エンドレスベルト62は、その内部に配置された押圧部材63、ベルト走行ガイド65、更には、エンドレスベルト62の両端部に配置された図示しないエッジガイドによって循環可能に支持されている。
そして、エンドレスベルト62の内周面と押圧部材63との間には、接触部Nの上流側から接触部Nを通過し、接触部Nの下流側に位置するベルト走行ガイド65に至るまでシート状の摺動部材64が設置されている。シート状の摺動部材64の一端は、エンドレスベルト62の進行方向に沿って図中の矢印D方向に移動可能な固定部材66に固定されている。また、摺動部材64は、この固定部材66の移動に伴って移動可能に設置されている。
尚、図2において、固定部材66はエンドレスベルト62の循環駆動を支持する機能をも果たすものである。
また、押圧部材63、ベルト走行ガイド65は、金属製のホルダ67に保持されている。更に、固定部材66の移動は、後述する制御部83(図6参照)により制御される。
エンドレスベルト62としては、継ぎ目に起因する欠陥が出力画像に生じないように、原形が直径30mmの円筒形状に形成された、継ぎ目がない無端ベルトが用いられている。エンドレスベルト62は、ベース層と、このベース層の定着ローラ61側の面または両面に被覆された離型層とから構成されている。
ここで、ベース層を形成する素材としては、例えば、ポリイミド、ポリアミド、ポリイミドアミド、ポリエーテルイミド等のポリマーや、ニッケル合金、SUS等の金属等が挙げられる。また、ベース層の厚みとしては、可とう性と低熱容量を満たしつつ耐久性を保つだけの厚みを有することが好ましい。そのような厚みとしては、材料によって異なるが、樹脂であれば、通常20μm〜150μm程度、金属であれば、通常10μm〜100μm程度である。

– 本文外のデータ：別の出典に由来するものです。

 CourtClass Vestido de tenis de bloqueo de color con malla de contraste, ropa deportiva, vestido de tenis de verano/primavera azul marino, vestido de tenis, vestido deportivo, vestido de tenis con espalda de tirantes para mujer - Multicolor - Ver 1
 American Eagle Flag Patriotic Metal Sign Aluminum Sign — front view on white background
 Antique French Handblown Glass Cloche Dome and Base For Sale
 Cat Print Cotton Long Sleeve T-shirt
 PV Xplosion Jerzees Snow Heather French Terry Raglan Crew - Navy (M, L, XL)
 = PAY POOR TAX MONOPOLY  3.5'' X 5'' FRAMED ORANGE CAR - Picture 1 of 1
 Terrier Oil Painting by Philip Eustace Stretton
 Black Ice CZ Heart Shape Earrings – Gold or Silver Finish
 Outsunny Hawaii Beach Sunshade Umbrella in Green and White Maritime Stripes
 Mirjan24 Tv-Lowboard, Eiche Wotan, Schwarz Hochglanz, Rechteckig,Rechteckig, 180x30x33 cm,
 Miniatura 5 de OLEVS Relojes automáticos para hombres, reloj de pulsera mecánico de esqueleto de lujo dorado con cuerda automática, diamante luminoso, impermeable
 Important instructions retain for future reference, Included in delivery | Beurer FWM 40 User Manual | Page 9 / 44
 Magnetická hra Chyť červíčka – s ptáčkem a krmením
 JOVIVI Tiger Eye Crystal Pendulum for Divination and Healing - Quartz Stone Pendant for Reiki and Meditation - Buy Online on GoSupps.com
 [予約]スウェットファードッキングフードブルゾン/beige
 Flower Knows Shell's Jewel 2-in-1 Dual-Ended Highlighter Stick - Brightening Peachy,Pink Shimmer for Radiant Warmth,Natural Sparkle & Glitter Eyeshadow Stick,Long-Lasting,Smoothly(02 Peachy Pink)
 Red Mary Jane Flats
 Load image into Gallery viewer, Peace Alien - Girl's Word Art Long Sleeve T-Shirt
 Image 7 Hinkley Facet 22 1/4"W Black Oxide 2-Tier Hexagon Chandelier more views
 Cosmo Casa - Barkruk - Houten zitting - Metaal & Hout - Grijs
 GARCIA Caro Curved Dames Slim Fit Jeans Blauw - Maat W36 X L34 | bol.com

一方、ベース層の表面に被覆される離型層を形成する素材としては、トナー離型性と耐熱性とを有する素材であることが好ましい。より具体的には、例えば、フッ素樹脂、シリコーンゴム、フッ素ゴム等が挙げられる。フッ素樹脂としては、例えば、PFA、PTFE、FEPや、それらの複合材料、又は、それらの樹脂にカーボンやアルミナ、シリカ、硫酸バリウムのようなフィラーを配合したものを挙げることができる。
また、離型層の厚みとしては、磨耗に対する耐久性と熱伝導や熱容量やコストとのバランスのとれた厚みであることが好ましい。そのような厚みとしては、通常10μm〜100μm程度である。
尚、上記ベース層と上記離型層との間には、更に耐熱弾性材料層を設けてもよく、ニッケルや銅などで形成された電磁誘導発熱層が設けられていてもよい。
ベルト走行ガイド65を形成する素材としては、エンドレスベルト62の内周面と擦れるため、摩擦係数が低く、かつ、エンドレスベルト62から熱を奪い難いように熱伝導率が低い材質が適している。具体的には、例えば、PFAやPPS等の耐熱性樹脂を用いることができる。
尚、図2において摺動部材64の一端部は、ベルト走行ガイド65と押圧部材63との間に位置するよう設置されているが、摺動部材64がエンドレスベルト62とベルト走行ガイド65との間に挟持されるよう、摺動部材64が設置されていても良い。この場合、ベルト走行ガイド65は摺動部材64の内周面と擦れることとなるが、ベルト走行ガイド65を形成する素材としては、上記と同様の素材を用いることができる。
また、この場合、摺動部材64が移動する際に摺動部材64の一端部がベルト走行ガイド65に引っかかることのない様、摺動部材64が設置されることが好ましい。より具体的には、摺動部材64の移動量に対し、摺動部材64の一端部が常にベルト走行ガイド65の外周面上に位置するよう設置しても良いし、摺動部材64の一端部が常にベルト走行ガイド65の下流側(エンドレスベルト62の進行方向を基準)に位置するよう設置しても良い。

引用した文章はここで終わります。